Si apre la quinta e ultima sezione del romanzo: la guerra è terminata. Il nuovo viaggio a ritroso alla volta di Berchidda è un percorso difficile e non privo di ostacoli: questa volta non è il peso della guerra e il clima generale d’incertezza, quanto piuttosto una confusione interiore, un senso di malessere difficile da indagare nel quale forse rientra anche una nostalgia per la donna alla quale si è dato e dalla quale è stato ricambiato. Pietro “aveva iniziato a capire e a capirsi” (108) scrive la Langiu. L’esigenza del ritorno è motivata dalla fine della guerra, è certo, ma impone anche l’urgenza – un tempo sentita come dovere morale – di dar seguito a tutte le cose rimaste sospese, interrotte dalla sua assenza durata ben cinque anni. È qualcosa di non semplice né di automatico. Pietro, infatti, dovrà ritrovare la sua giusta collocazione nel suo contesto ancestrale prima di poter slegare i nodi che il conflitto bellico ha annodato per poter ripercorrere il naturale corso degli eventi, al fianco dei propri cari.

In queste ultime pagine ci vengono narrati gli avvenimenti che s’iscrivono in questo percorso: la ricostruzione del Paese (anche la Sardegna era stata duramente bombardata) e il massiccio problema della disoccupazione; Pietro nel 1946 troverà un buon lavoro a Cagliari dove si occuperà di opere di risanamento e bonifica e da lì, anni dopo, esattamente nel 1949, entrerà in un corpo di polizia. La nascita di Alisa, sua figlia, e poi altri due bambini. Questi fotogrammi della maturità dell’uomo vengono dati in maniera molto fugace, con profonde ellissi al loro interno e la motivazione è chiara: l’intenzione della Langiu non è tanto quella di costruire una biografia di Pietro meticolosa, dettagliata sino alle sue ultime ore di vita, quanto tracciare le asperità del suo percorso sino alla sua rinascita finale. Come la vita insegna i dolori non risparmiano mai nessuno e così Pietro in età avanzata dovette soffrire tanto la prematura morte della moglie, quanto quella di una delle figlie.

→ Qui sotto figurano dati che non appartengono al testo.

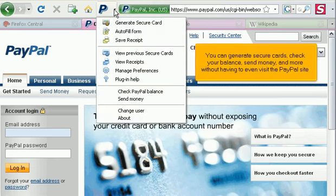You can generate secure cards, check your balance, send money and more without having to even visit the PayPal site.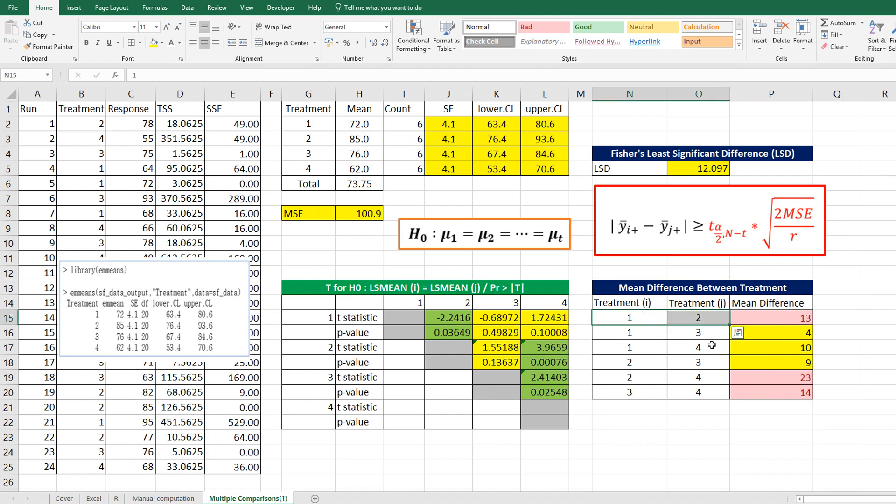As you can see, there are three group mean comparisons having statistical difference.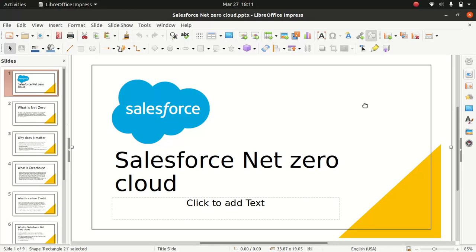Good everyone, I hope you guys have an amazing day. So what I'm going to do today, I'll be starting a new series on Salesforce NetZero Cloud. Let me maximize this screen.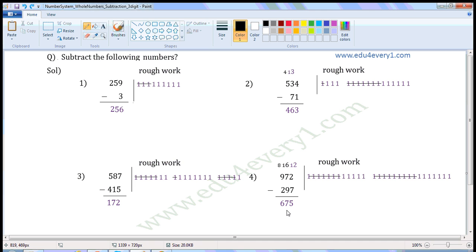Now we have to subtract 2 from 8. Let us do the subtraction orally: 8 minus 2 is equal to 6, so write 6 here. 972 minus 297 is equal to 675. Bye.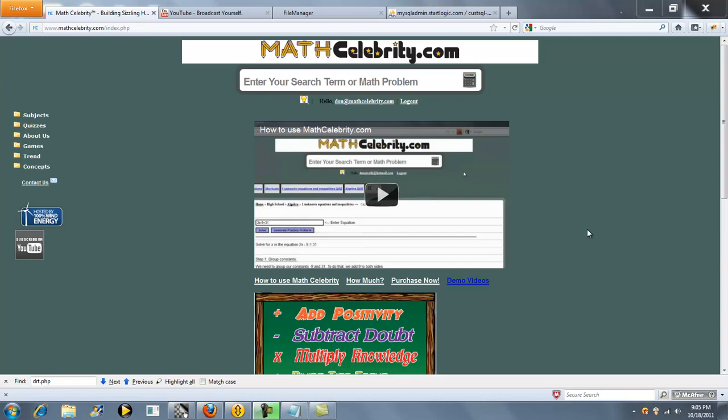Thanks for checking out the Comparing Numbers Calculator for MathCelebrity.com. There are a few ways that you can get to this calculator.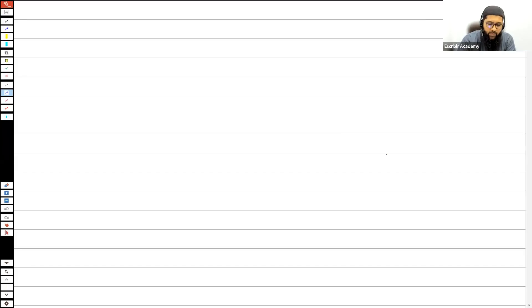Hi guys. A lot of students get confused when it comes to the measurement of impairment loss on goodwill. This video is going to help you understand how exactly we recognize the impairment loss on goodwill — whether the goodwill is a full goodwill or a partial goodwill. Let me give you a bit of guidance on how we actually go about doing this calculation.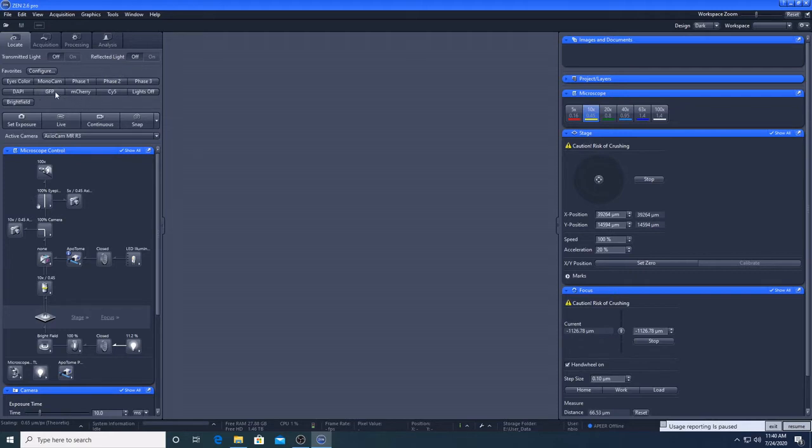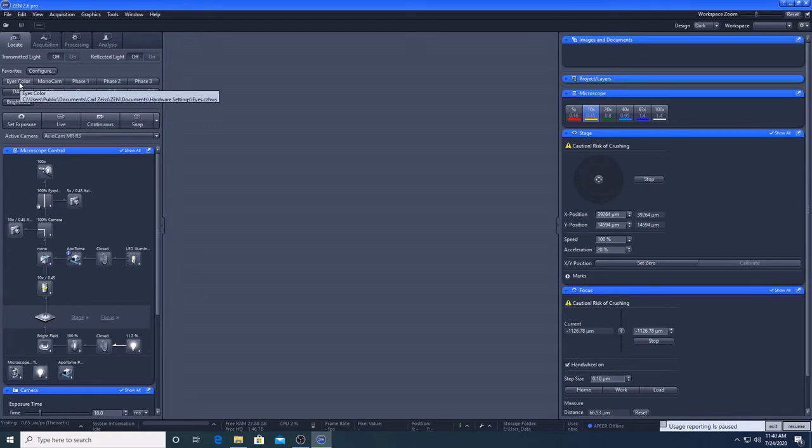Here are some buttons for different channels for viewing our sample. The channel contains a setting for a filter, a light source, exposure time and a detector which will either be our eyes or a camera.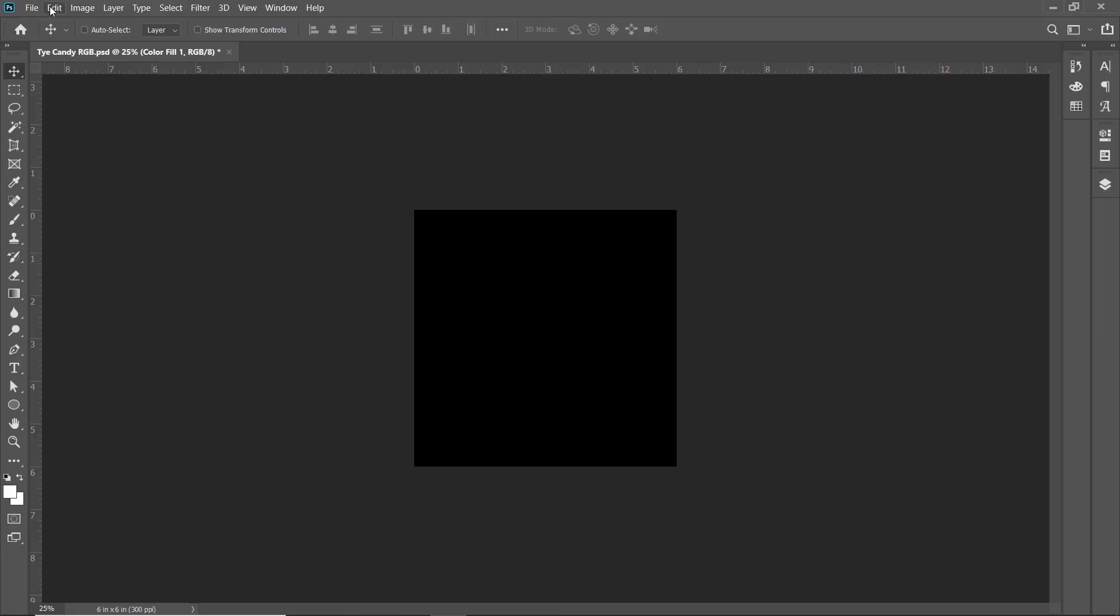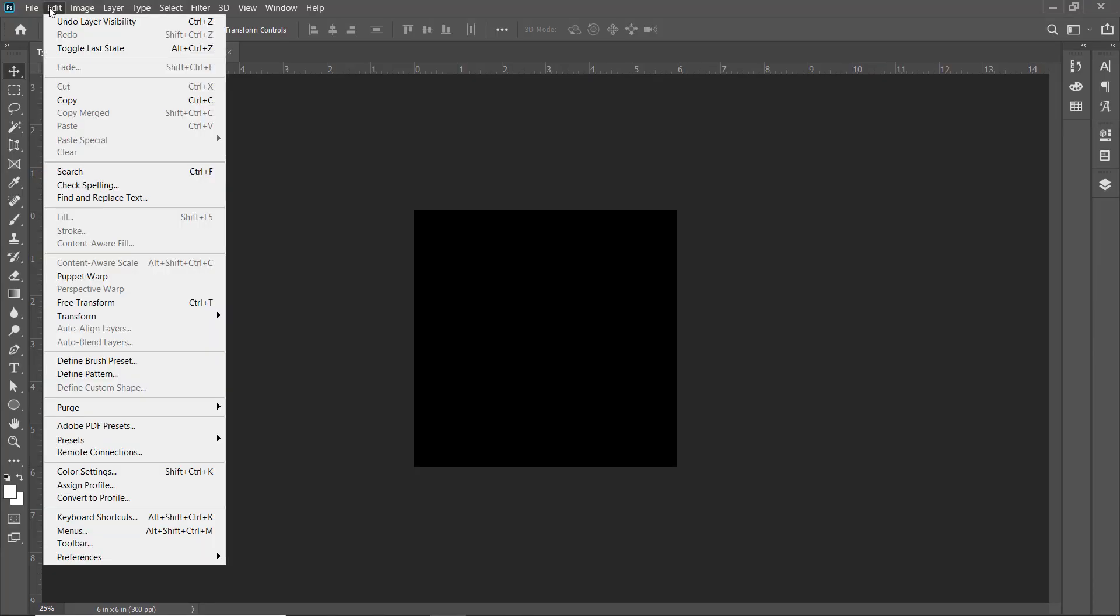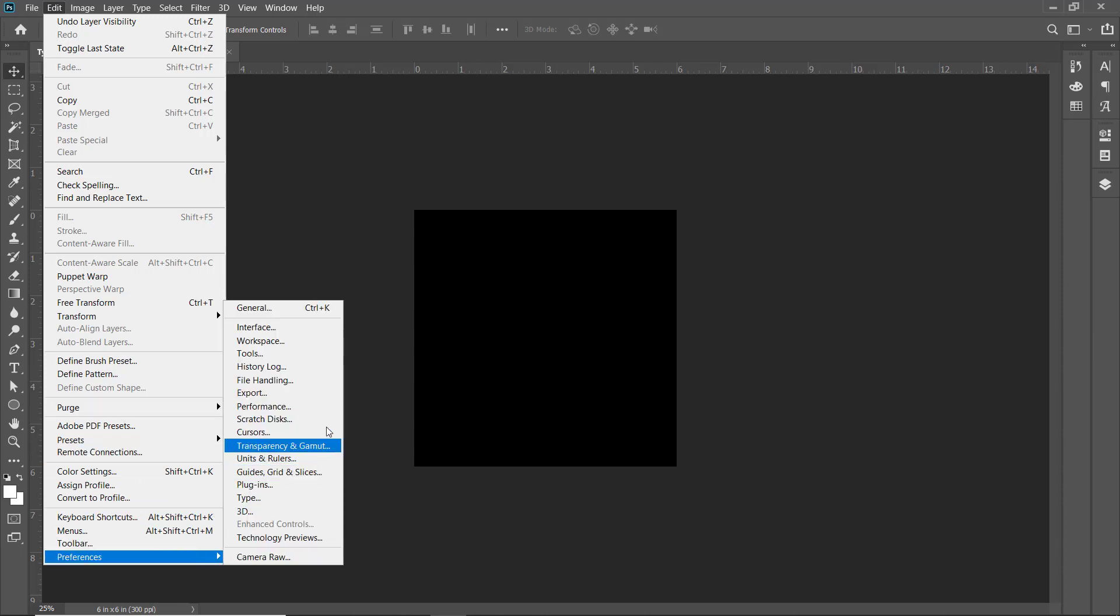Head over to the Edit menu, go down to Preferences, and move over to Performance.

La coda che chiude la narrazione è affidata alla voce di Alisa, la prima figlia di Pietro, che ci dà alcune informazioni in merito alle ultime fasi della vita dell’uomo, seriamente segnato da una malattia terminale. Alisa è anche colei che ha raccolto le memorie dell’uomo, il suo testamento esistenziale, che Pietro mai volle chiudere con un punto definitivo, lasciando sempre qualcosa di incompiuto e di aperto sulla sua difficile esperienza bellica e di internamento. Così la dipartita dell’uomo non è motivo di compatimento da parte della famiglia né di celebrazione delle doti da parte di chi vi ha narrato l’esistenza, ma di un senso alla propria presenza. Ed Alisa continuerà a scrivere – mediante una ricerca costante la cui esigenza sente come non procrastinabile – per tentare di “definire ciò che [suo padre] ha lasciato incompiuto” (127).

 

Written by Lorenzo Spurio

 

Note

[1] Così ne parla l’Autrice: “La loro ingerenza in un avamposto tutto italiano venne considerata e sentita da molti come un voler dimostrare che era necessario il loro supporto per lo scarso valore, il mancato impegno e coraggio dei soldati di Mussolini” (35).

[2]Forse sarebbe stato meglio che non fosse mai tornato a casa, pensò più volte; non avrebbe alimentato le speranze di un ritorno facile” (68).